Classroom trailers and Chromebooks are two tools the Big Walnut School District will rely on for the 2017-18 school year.
The 109-square-mile district, entirely within Delaware County, but containing two villages and parts of six townships, has an enrollment of about 3,660 students and continues to grow at a rate of more than 100 students each summer. To meet the overcrowding in the buildings, a bond issue will be on the November 7 ballot, which, if passed, would increase the district from seven buildings to nine.
For the time being, classroom trailers are being used at the most overcrowded schools, such as one that will go in at one of General Rosecrans Elementary’s basketball courts.
“It was a hard decision to make, but by putting it there, we wouldn’t have to pour a footer which will save us quite a bit of money, and it’s a better line of sight and more secure,” said District Superintendent Angie Pollock. “That will give us two classrooms.”
In addition, the trailer at Big Walnut Elementary is being renovated, and will have two preschool units.
“The big challenge for us on the fiscal side, is it’s just not energy-efficient,” Pollock said of the trailers. “Maintaining a comfortable environment for learning is difficult.
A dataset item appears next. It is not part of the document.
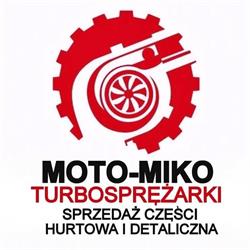 MOTO MIKO, Ząbkowice Śląskie godziny otwarcia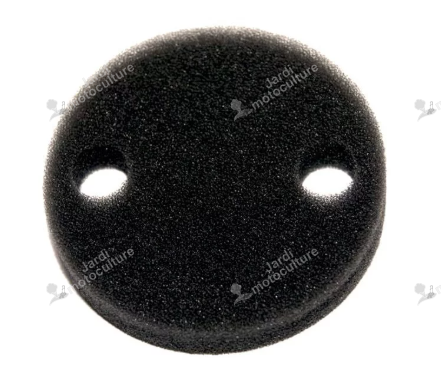 Filtre à air Echo A226000650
Sometimes they get too hot or too cold. In the building, you have more access — it’s easy to send a group out in the hall and still be able to watch them, or collaborate with the class next door.”
Because the district is growing, there will be more staff needed to serve the kids (including a new principal at Souders elementary), and Pollock said she doesn’t like seeing money being diverted to the trailers.
As for technology, every 5th- through 12th-grader this year will have a Chromebook. Last year, the laptop computers were used by Big Walnut High School students. The district’s Board of Education recently approved expanding Chromebook use for the 5th- through 8th-grades.
“We believe in teaching kids how to use technology as a tool — it doesn’t replace the other pieces involved in learning — it should be a tool to help the learning,” Pollock said.”The idea is not that they sit on that all day, but it’s a tool where they can collaborate with other students on projects; they can do their composition right on there and get feedback through Google from the teachers; it’s a resource if they need to research the internet.”
Chromebooks are also used a lot for assessments. Instead of a pencil-and-paper test that would take the teacher a while to grade and then get the data, the teacher can find out quickly if they need to go back over a subject or if the students understand the lesson.
Each student will be assigned their own Chromebook, as opposed to being shared. The school board was told that by being responsible for their own device, there were fewer equipment problems.
“Teaching them when it’s appropriate to use, that’s a life skill,” Pollock said.
All-day Kindergarten is continuing to grow in the buildings, she said. About 80 percent of incoming students are now opting for the all-day program.
“There, we’re focusing not just on academic readiness, but how to listen, get along with others, follow directions.”
In addition to tangible tools, the district is continuing to teach in a way that meets future needs.
“This is the third year of our 2020 vision for instruction, and our goal with that is by the year 2020, every kid has an experience that includes personalized instruction at their level, that’s engaging and ensures that they are growing academically, socially and emotionally,” Pollock said. “We have been working with our staff to improve in all three of those areas, and we’re really pleased with the progress we’ve made.”
The transition is to move away from teaching just the facts to communicating better.
“We’re really trying to make things relevant for kids,” Pollock continued. “We can’t teach them the same way we were taught, because a lot of the jobs they will be working haven’t even been invented yet. We have to teach kids how to be good thinkers and problem-solvers. That’s really our focus — how to collaborate with others, how to be creative and think critically.”
The first day of school is Wednesday, Aug. 16.